The most recent forecast, put forth by Colombia University’s International Research Institute for Climate and Society (IRI), confirms, “All atmospheric variables strongly support the El Niño pattern, including weakened trade winds and excess rainfall in the east-central tropical Pacific” (“2015 October Quick Look”). The consensus of prediction models is that strong El Niño conditions will continue through the season, with peak temperatures in January or February. Currently, this year’s El Niño is forecasted to be on par with the El Niño of 1997, the strongest on record. The general prediction, based on patterns of the past, is that North and South America will experience more precipitation and possible storm-like conditions, while East Africa, Australia, and Indonesia face drought (“NOAA/PMEL/TAO…”).
The significance of El Niño lies with its wide reaching global effects; the disruption of local weather patterns have profound consequences around the world, often affecting the most vulnerable groups. In 1982, 25% of the adult fur seal and sea lion populations along the coast of Peru starved to death. All of the pups in both populations died, and fish populations were similarly affected. In the western Pacific, changes in sea level exposed the upper layers of many coral reefs in surrounding islands, allowing air to erode and destroy them (“NOAA/PMEL/TAO…”). Economic impacts are equally critical. The El Niño of 1982-83 is estimated by the NOAA to have caused about 8 billion dollars in damages due to floods, severe storms, droughts, and fires around the world. In the same year, wildfires killed an estimated 75 people and burned 2,500 houses in Australia alone. Countries with fewer resources to cope with the climate conditions, such as nearby Papua New Guinea, are affected even more drastically (“ (“‘Super’ El Niño…”). Largely rural areas in Africa and Central America, already suffering from problematic climate conditions and persistent drought, face aggravated circumstances with the predicted “super” El Niño. In the worst-case scenario, drought and starvation could become push factors, driving people out of their countries in search of refuge(“‘Super’ El Niño…”). With the current migration crises in Europe and the Middle East, additional thousands of displaced migrants would cause pandemonium, exacerbating the precarious political and economic situations in each region. It is impossible to make an exact prediction, but this year’s event could potentially bring drought, typhoons, landslides, or any number of the weather conditions that have been observed in the past. Although its effects are unpredictable, the patterns of the past indicate that this year’s “super” El Niño could have some serious ramifications worldwide, both ecologically and economically.

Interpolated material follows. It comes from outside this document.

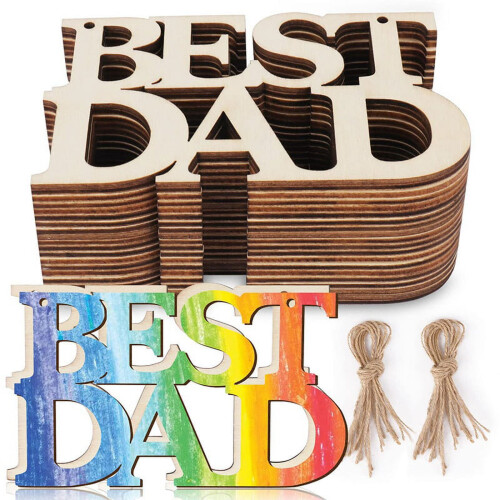 Unfinished Wood Dad Gift Tags with String 40 pcs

“2015 October Quick Look.” International Research Institute for Climate and Society. 15 Oct. 2015. Web. 24 Oct. 2015.
“NOAA/PMEL/TAO: The El Niño Story.” NOAA/PMEL/TAO: The El Niño Story. Web. 24 Oct. 2015.
“‘Super’ El Niño Looks Set to Ruin the Lives of Many of the World’s Most Vulnerable People | VICE News.” VICE News RSS. VICE News. Web. 24 Oct. 2015.
“The TAO Project: Definitions of El Nino.” The TAO Project: Definitions of El Nino. Web. 24 Oct. 2015.
“What Is El Nino? Fact Sheet: Feature Articles.” What Is El Nino? Fact Sheet: Feature Articles. Web. 24 Oct. 2015.